Teams often have difficulty determining the source of issues and focusing on who’s responsible for correcting those issues raised in a retrospective.
Teams often focus on items that are not under their control. In an effort to help our teams stay focused we ask the following questions:
- How can we make our team better?
- What are our team’s strengths and weaknesses?
- What specific action items can we work on to make our team better?
- We experimented with the Circles and Soup collaboration technique. This technique clarifies who’s responsible for the items. On a board, draw three circles, like a bulls eye:
1. Team Control – represents items that are specifically under your team’s control.
Examples can include:
- Our team needs 85% code coverage in testing.
- Our team needs to do more pair programming
- Our team needs to switch programming pairs.
2. Team Influences – represents items that the team can influence but not take total ownership of. These are items that will typically affect other teams that you can influence or make suggestions on but are unable to directly change them.

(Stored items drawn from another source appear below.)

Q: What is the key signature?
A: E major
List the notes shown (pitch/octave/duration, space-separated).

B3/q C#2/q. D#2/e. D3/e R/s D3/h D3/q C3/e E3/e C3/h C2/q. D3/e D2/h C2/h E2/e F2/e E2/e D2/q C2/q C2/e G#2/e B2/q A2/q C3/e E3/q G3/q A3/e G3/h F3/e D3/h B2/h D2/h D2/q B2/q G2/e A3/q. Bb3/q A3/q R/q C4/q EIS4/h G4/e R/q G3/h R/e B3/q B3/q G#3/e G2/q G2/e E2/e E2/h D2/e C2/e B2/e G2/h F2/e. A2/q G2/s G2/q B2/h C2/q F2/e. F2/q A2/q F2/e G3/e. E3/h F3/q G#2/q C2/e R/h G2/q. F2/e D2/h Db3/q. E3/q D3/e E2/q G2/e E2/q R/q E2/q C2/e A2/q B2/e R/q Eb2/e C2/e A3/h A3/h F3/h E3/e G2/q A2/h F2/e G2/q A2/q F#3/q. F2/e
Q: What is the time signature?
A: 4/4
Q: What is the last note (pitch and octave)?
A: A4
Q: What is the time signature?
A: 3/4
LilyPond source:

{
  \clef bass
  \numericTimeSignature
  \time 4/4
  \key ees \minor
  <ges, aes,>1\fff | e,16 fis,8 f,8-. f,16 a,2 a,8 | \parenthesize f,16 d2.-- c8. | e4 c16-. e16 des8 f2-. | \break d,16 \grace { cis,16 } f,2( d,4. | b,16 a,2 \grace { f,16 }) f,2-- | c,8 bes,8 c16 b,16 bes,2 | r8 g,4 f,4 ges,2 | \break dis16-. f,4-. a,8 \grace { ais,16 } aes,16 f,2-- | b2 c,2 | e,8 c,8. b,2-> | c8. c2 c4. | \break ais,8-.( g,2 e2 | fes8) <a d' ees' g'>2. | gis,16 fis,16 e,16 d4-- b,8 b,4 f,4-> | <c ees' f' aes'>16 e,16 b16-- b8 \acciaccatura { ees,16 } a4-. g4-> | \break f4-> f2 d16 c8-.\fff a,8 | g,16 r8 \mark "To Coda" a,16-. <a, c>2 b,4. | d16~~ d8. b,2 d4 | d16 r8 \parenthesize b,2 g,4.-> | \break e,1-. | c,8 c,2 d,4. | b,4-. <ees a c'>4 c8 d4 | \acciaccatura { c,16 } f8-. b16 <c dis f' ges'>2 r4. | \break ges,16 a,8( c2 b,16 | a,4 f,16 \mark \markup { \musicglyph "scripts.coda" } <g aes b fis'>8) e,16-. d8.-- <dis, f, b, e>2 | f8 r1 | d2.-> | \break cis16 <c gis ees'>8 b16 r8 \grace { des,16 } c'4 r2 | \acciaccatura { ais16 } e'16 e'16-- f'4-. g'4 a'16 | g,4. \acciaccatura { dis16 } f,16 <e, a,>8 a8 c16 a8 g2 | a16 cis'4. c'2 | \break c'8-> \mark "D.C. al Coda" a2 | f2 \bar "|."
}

- Continuous Integration configurations that would affect other teams
- Changing source control software
- A new tool
3. “The Soup” – represents items that are suggestions. These are typically items that you can suggest but have no real influence over.
- Setting an acceptable company bug rate
- Influence with another department
- Direction of the product.
Here’s an example of what the layout looks like:
Our experience was that for the first few iterations, most of the pain points we identified were classified as “Team Controlled”. The team was able to identify and execute action items to improve these team controlled pain points. We repeated the Circles and Soup exercise for each iteration and after 4 weekly iterations, the pain points went from “team controlled” to all the pain points being outside of the team’s control, the only cards that were in team controlled were good points!
I’d says that the team was focused on problems they couldn’t fix, and that frustrated them. Once they began to realize which problems were with the organization instead of the dev shop, and the dev shop instead of their team, they understood which problems they could solve, which they could affect, and which they could (sometimes) influence.
This is a great way to help your team focus on problems they can actually solve.